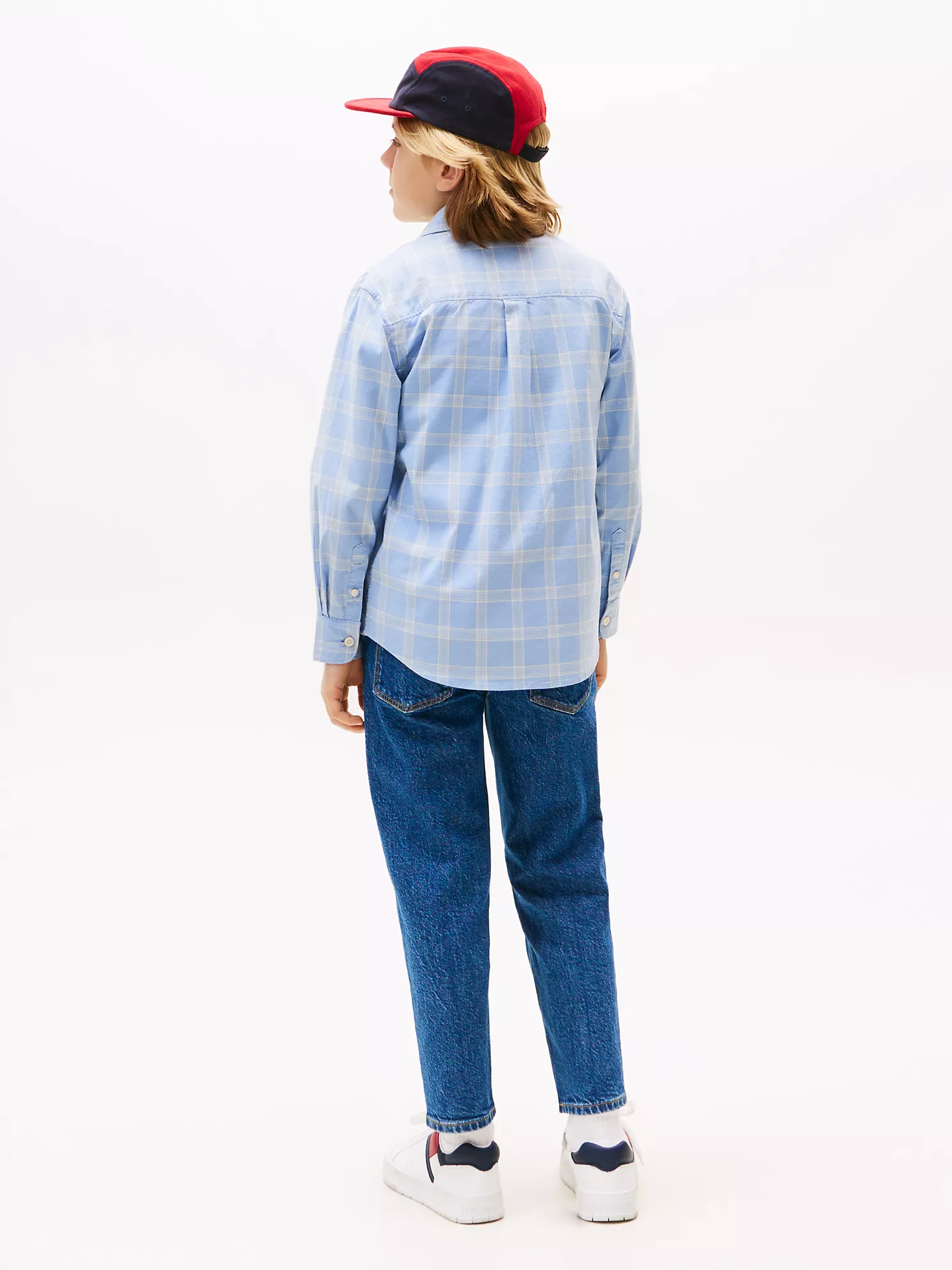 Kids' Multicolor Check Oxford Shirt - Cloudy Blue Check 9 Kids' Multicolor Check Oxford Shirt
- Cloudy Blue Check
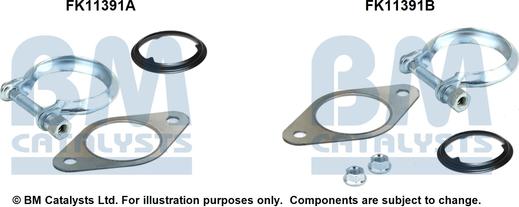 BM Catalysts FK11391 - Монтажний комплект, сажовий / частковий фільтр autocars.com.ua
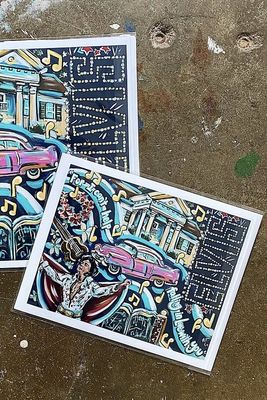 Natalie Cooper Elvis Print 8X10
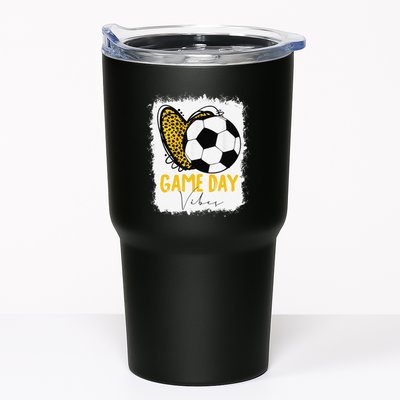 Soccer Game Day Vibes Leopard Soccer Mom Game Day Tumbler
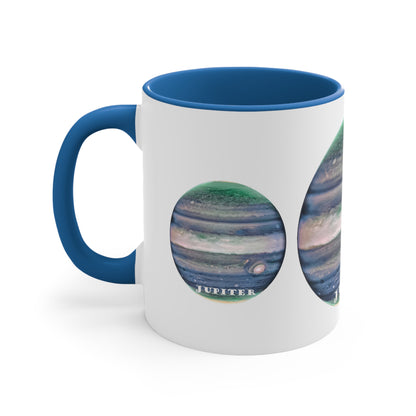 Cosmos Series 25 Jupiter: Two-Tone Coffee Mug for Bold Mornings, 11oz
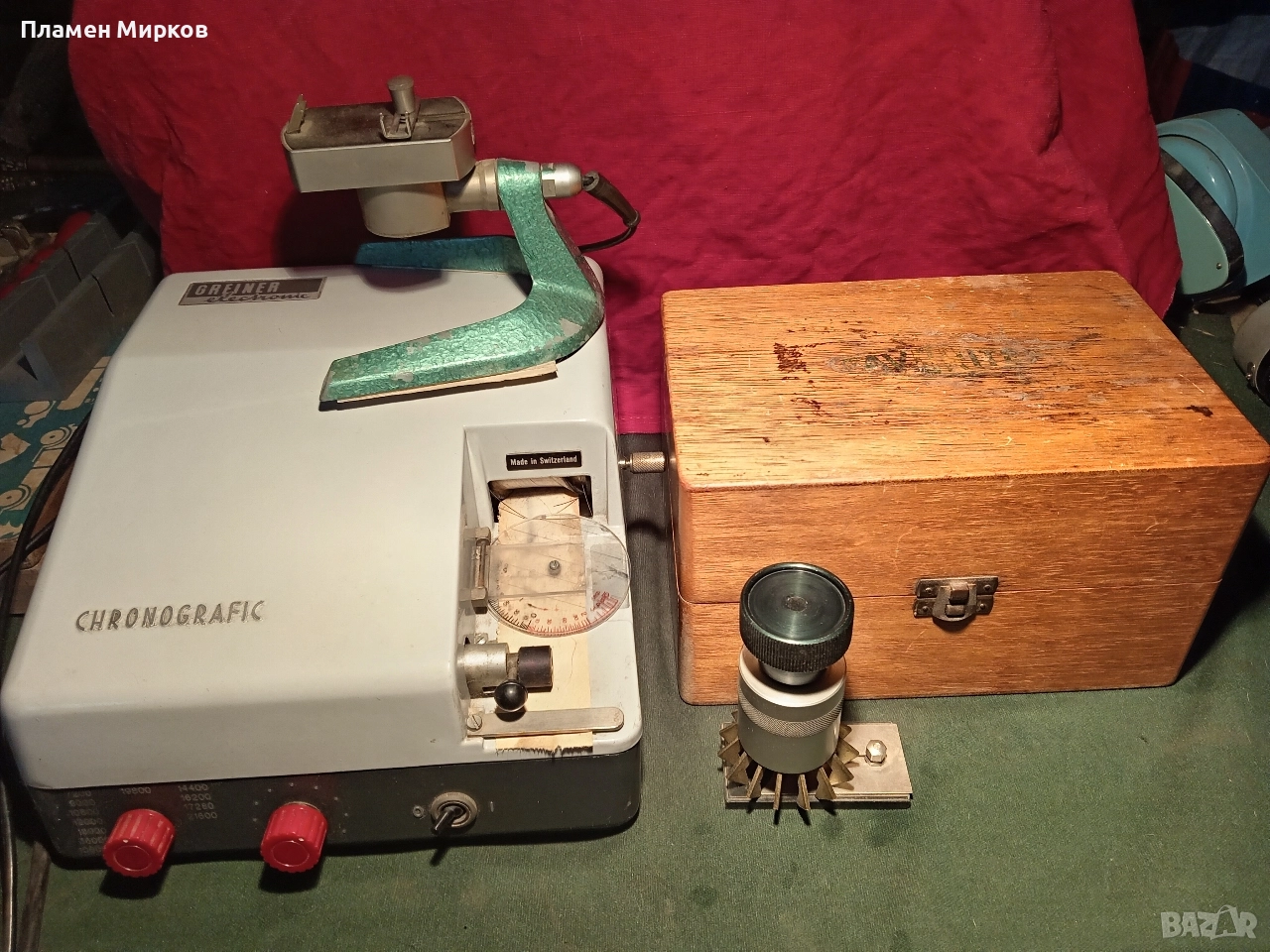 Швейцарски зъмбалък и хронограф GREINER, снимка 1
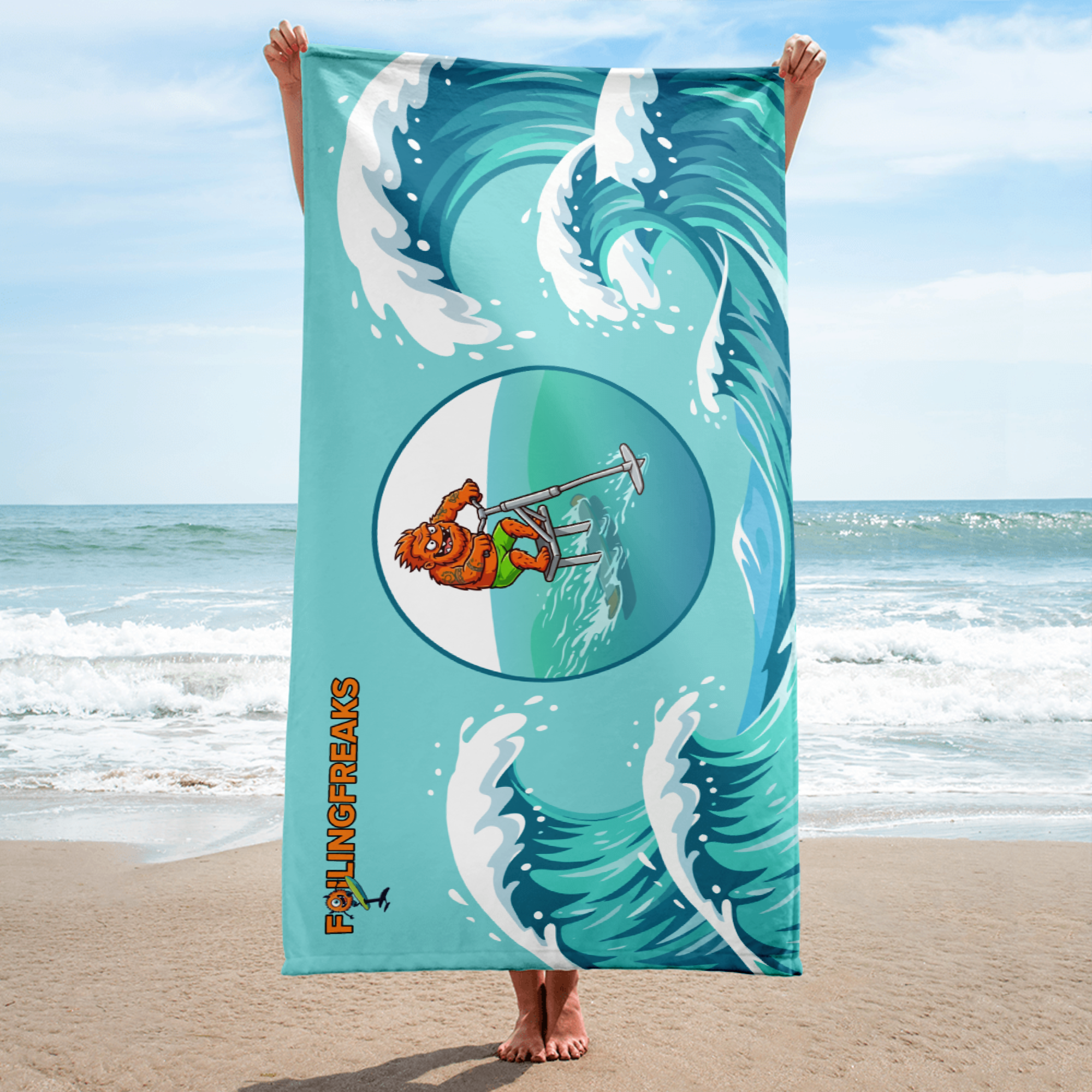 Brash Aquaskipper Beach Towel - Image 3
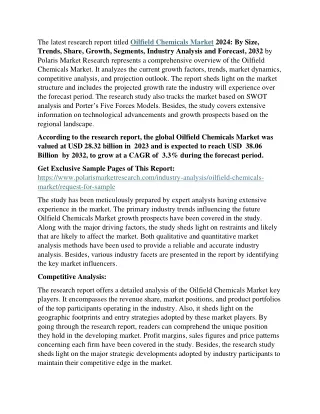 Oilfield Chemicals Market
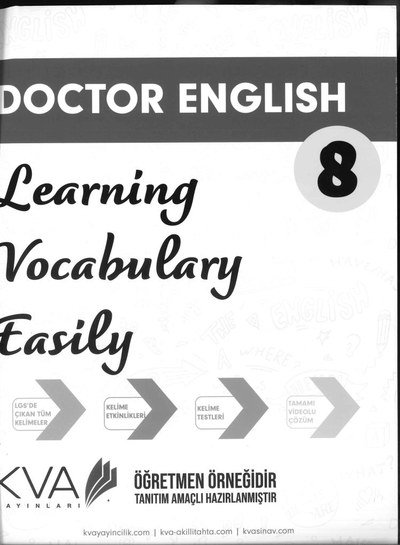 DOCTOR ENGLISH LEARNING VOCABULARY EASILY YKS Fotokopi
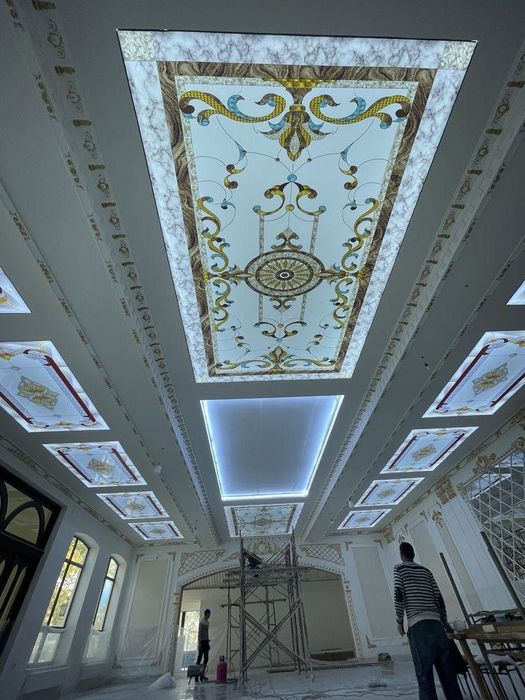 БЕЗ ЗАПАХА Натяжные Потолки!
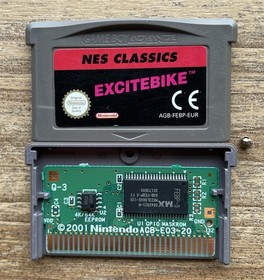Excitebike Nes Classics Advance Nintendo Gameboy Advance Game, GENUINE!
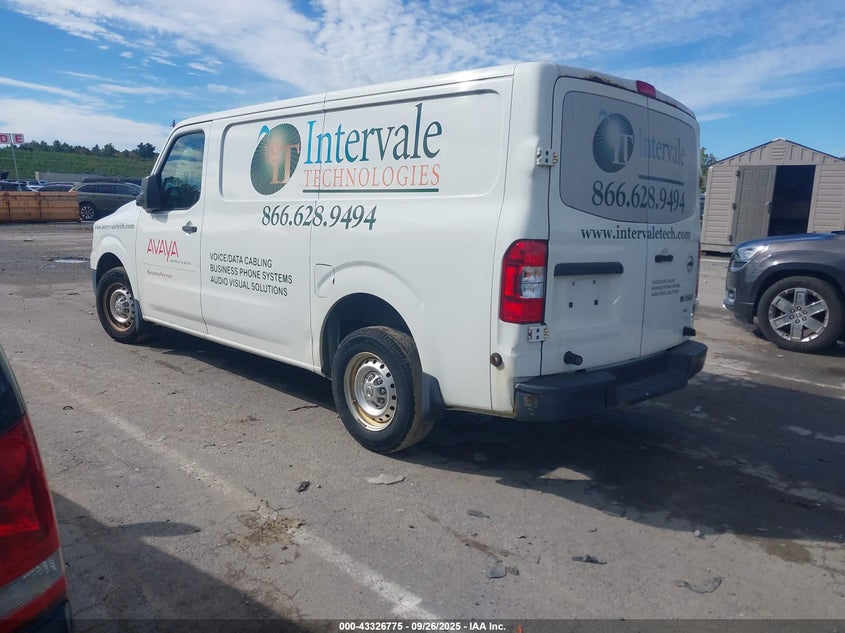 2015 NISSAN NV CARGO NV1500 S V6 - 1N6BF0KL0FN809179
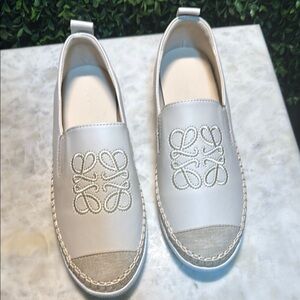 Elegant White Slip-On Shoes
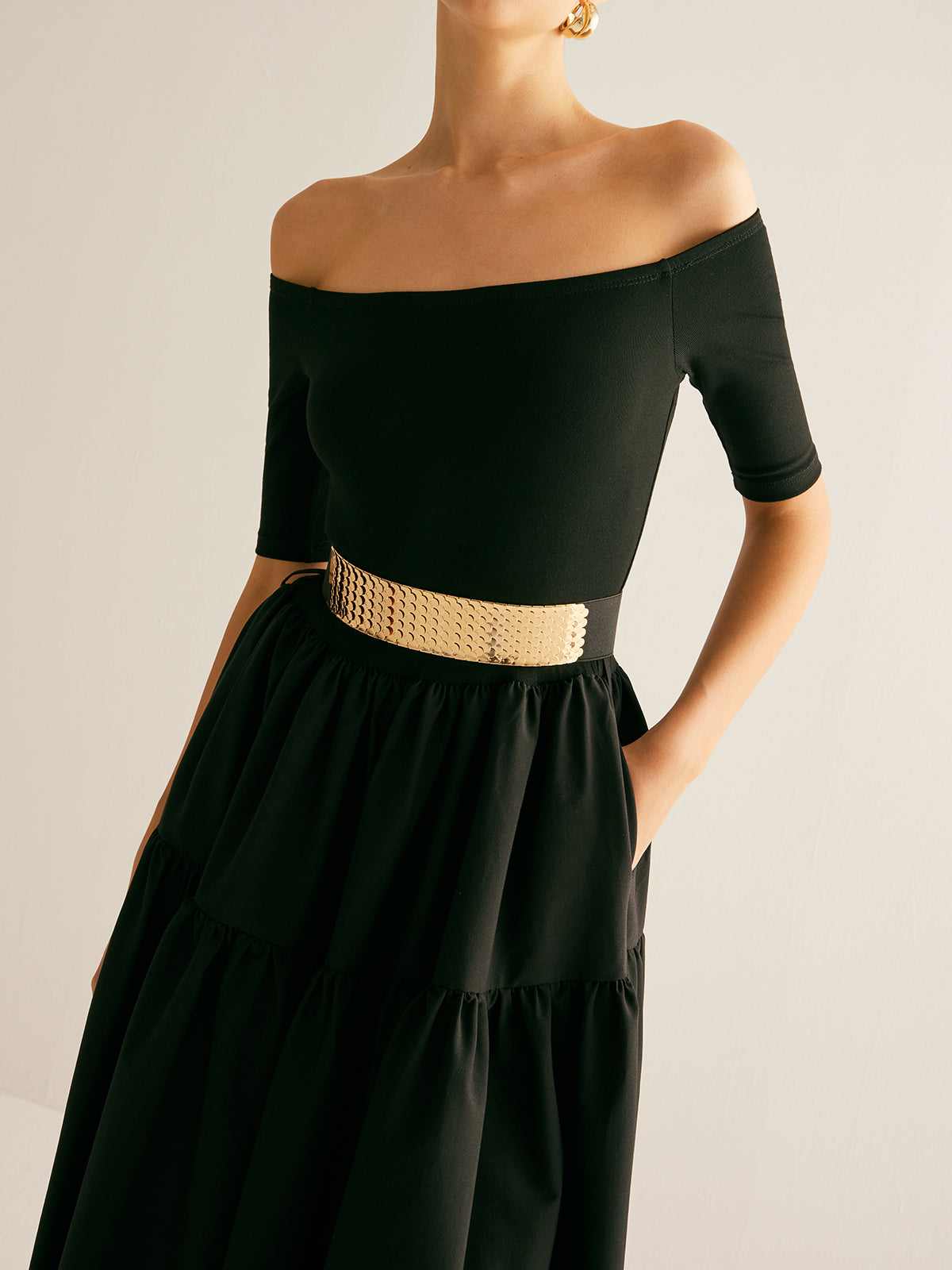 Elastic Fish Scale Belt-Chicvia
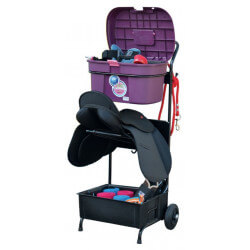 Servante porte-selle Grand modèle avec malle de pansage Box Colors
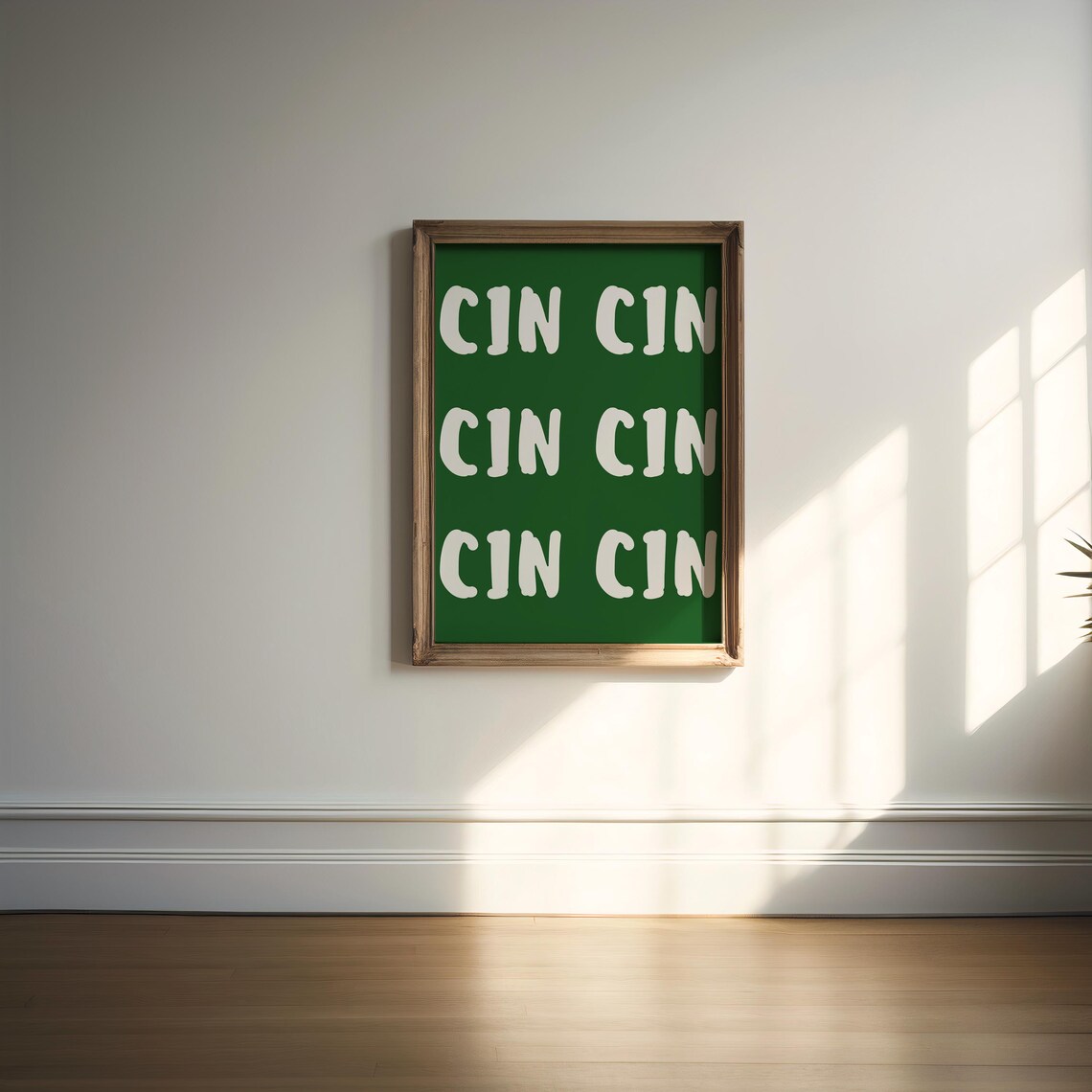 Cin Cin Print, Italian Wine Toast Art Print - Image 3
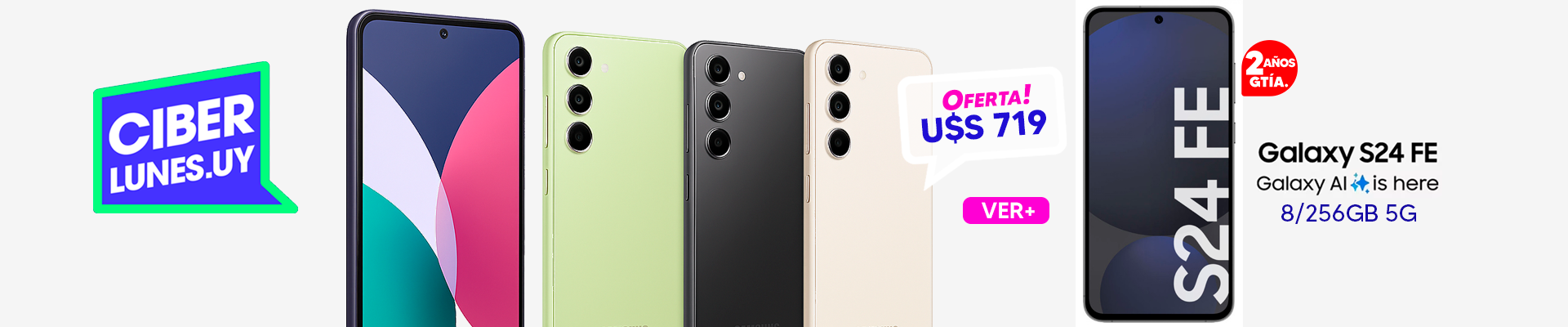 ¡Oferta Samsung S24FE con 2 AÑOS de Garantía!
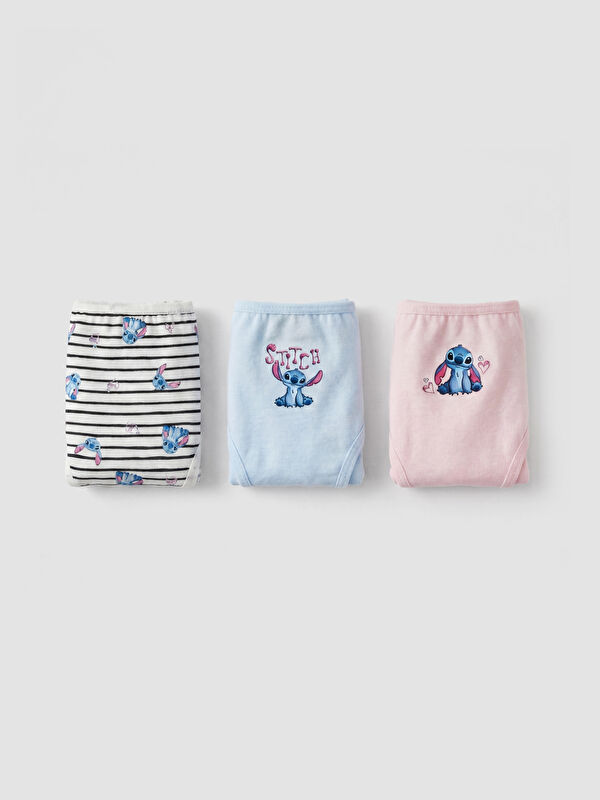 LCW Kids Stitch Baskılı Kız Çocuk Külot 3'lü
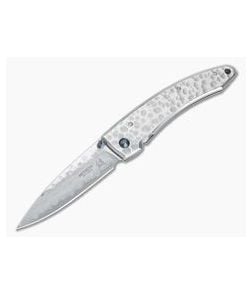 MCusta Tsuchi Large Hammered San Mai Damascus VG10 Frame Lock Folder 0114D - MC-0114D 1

===============

→ **EXERCISE AIM**: Please output the lines above beginning at the line with "БЕЗ ЗАПАХА Натяжные Потолки!" and ending after the line with "AÑOS de Garantía!", precisely as written and with no pictures.

→ **RESULT BELOW**:
 БЕЗ ЗАПАХА Натяжные Потолки!
Excitebike Nes Classics Advance Nintendo Gameboy Advance Game, GENUINE!
 2015 NISSAN NV CARGO NV1500 S V6 - 1N6BF0KL0FN809179
 Elegant White Slip-On Shoes
 Elastic Fish Scale Belt-Chicvia
 Servante porte-selle Grand modèle avec malle de pansage Box Colors
 Cin Cin Print, Italian Wine Toast Art Print - Image 3
 ¡Oferta Samsung S24FE con 2 AÑOS de Garantía!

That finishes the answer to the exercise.